Abstract

Abstract The Appalachian Inner Piedmont (IP) extends along orogenic strike some 700 km from North Carolina to Alabama. Its physical attributes contrast with those of other Appalachian tectonic elements: gentle dip of dominant foliation; imbricate stack of fold nappes; dominant sillimanite-grade metamorphism and near ubiquitous migmatization; heterogeneous, non-plane deformation; and earlier S-foliations transposed to C-foliations southeast of the mid-Palaeozoic Brevard fault zone forming a 10–20 km wide amphibolite-facies shear zone along the western flank of the IP. The IP contains west- and SW-directed thrust sheets and mineral stretching lineation, sheath folds on all scales, and other indicators that define a curved crustal flow pattern throughout the belt. Field and modern geochronologic data confirm that the IP is not exotic. It contains a Laurentian component (eastern Tugaloo terrane) and an internal terrane (Cat Square) that contains both Laurentian and Gondwanan detrital zircons, separated by the Brindle Creek fault. Cat Square terrane rocks likely accumulated in a Devonian remnant ocean that closed beginning c. 400 Ma. The complex but consistently asymmetric, NW- to west- to SW-directed flow pattern throughout the IP reflects confinement beneath a > 15 km thick overburden produced during subduction of Cat Square and Laurentian components beneath the approaching Carolina superterrane along the Central Piedmont suture. Oblique NE-to-SW transpressive subduction to > 15 km depth initiated partial melting, forcing escape from the collision zone in an along-strike orogenic channel.

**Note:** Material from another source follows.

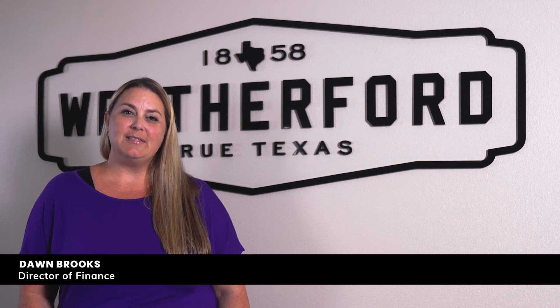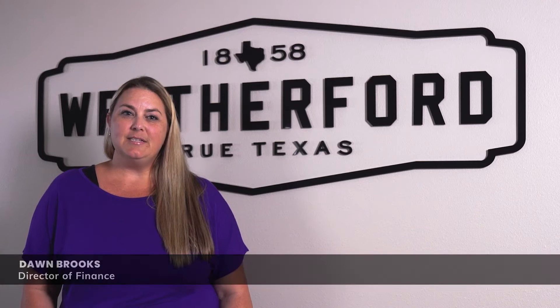Hello Weatherford! We have some exciting news for all of our utility customers. For the last 18 months, our utility billing and information technology teams have been working to implement a brand new and greatly improved utility billing system. Not only is this system integrated with our financial system, it's more efficient, more secure, and provides all of our utility customers with a new and improved account management experience.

The IP detached from rocks to the west of the mid-Palaeozoic Brevard fault zone as the collision zone tightened and the IP mass flowed c. 200 km southwestward in the channel. The top of the channel is preserved at the NE end of the IP, and the base (Brevard fault zone) is preserved to the west and SW. As an exhumed orogenic channel, the curved IP flow paths may provide insight for middle to lower crustal deformation and flow in modern orogens.